In 1965, Heather Fasulo (Agnes Brukner), after nearly burning down her house, is sent to an isolated all-girl's private school headed by Miss Traverse (Patricia Clarkson). Almost immediately, because this is a horror film, she begins having nightmares and hearing voices, all while having to adapt to a new school, bullying included. Of course, the school isn't particularly friendly. The staff looms over the students silent and impersonal, there is hushed gossip about a girl who tried to kill herself, and there are tales of witches who took over the school long ago.
It's pretty easy to figure out what's going to happen in The Woods. The academy, all dull earthy tones with thin vines creeping through never-shut windows and suffocated with potted plants, very quickly foreshadows the revelation that the woods are alive. When the girls discuss the witches the invaded the school, coupled with a very early comment that the staff consists of former students, it's not hard to see where that is going to. Even the bully eventually coming out and telling Heather that she's trying to help her is subtly lit by her aggressive harassment and warnings.
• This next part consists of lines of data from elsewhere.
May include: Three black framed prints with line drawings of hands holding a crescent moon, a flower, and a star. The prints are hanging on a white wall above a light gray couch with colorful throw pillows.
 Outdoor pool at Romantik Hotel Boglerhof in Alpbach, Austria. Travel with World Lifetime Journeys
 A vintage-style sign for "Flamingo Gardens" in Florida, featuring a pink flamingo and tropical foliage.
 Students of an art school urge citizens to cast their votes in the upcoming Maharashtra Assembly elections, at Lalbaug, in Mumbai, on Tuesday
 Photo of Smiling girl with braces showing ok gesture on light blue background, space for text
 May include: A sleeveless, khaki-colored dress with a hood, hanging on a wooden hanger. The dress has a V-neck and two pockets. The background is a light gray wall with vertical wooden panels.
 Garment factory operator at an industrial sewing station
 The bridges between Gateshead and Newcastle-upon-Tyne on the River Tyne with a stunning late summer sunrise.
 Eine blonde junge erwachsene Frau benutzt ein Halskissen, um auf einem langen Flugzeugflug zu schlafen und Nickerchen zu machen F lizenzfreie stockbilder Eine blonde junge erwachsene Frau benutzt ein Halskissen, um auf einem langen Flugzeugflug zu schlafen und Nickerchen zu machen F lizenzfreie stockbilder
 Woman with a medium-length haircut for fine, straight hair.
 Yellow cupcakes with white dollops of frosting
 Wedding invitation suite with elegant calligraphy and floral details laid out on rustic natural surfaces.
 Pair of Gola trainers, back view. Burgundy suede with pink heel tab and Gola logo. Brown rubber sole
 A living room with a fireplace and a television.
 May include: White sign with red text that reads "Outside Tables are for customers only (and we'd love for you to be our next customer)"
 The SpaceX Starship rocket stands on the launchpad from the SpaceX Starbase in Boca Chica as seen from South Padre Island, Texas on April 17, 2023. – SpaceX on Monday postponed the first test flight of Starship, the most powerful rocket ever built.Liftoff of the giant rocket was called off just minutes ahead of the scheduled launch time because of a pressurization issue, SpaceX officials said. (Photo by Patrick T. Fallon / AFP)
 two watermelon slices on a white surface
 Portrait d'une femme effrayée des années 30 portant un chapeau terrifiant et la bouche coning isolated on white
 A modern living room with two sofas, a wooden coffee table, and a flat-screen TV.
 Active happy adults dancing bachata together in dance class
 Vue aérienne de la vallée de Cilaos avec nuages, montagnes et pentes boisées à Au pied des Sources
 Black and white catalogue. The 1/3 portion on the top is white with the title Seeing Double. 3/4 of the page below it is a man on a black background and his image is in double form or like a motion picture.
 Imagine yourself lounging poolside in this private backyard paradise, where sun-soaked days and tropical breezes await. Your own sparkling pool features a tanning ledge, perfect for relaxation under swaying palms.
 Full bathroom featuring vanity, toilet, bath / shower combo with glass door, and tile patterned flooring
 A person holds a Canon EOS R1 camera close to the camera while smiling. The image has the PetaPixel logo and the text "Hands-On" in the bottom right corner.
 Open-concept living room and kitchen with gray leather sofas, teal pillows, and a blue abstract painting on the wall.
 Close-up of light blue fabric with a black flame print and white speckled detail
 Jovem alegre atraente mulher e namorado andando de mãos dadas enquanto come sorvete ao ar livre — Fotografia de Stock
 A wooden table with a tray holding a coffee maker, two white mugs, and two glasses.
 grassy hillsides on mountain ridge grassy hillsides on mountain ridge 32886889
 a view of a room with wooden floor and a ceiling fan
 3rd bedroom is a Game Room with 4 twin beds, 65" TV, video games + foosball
Even as predictable as it is, The Woods is a decent film. The mise en scene does a good job of setting up the suffocating atmosphere of the school, and the aforementioned vines do a nice job of providing a paranoid fear of encroaching terror. My only real quibble is that I would have liked to have seen the whole "1965 girls' school" thing taken further, a bit more exploration of the social expectations and molding that often go on in single-sex schools; they touched a bit upon that with malicious gossip of lesbianism in the periphery.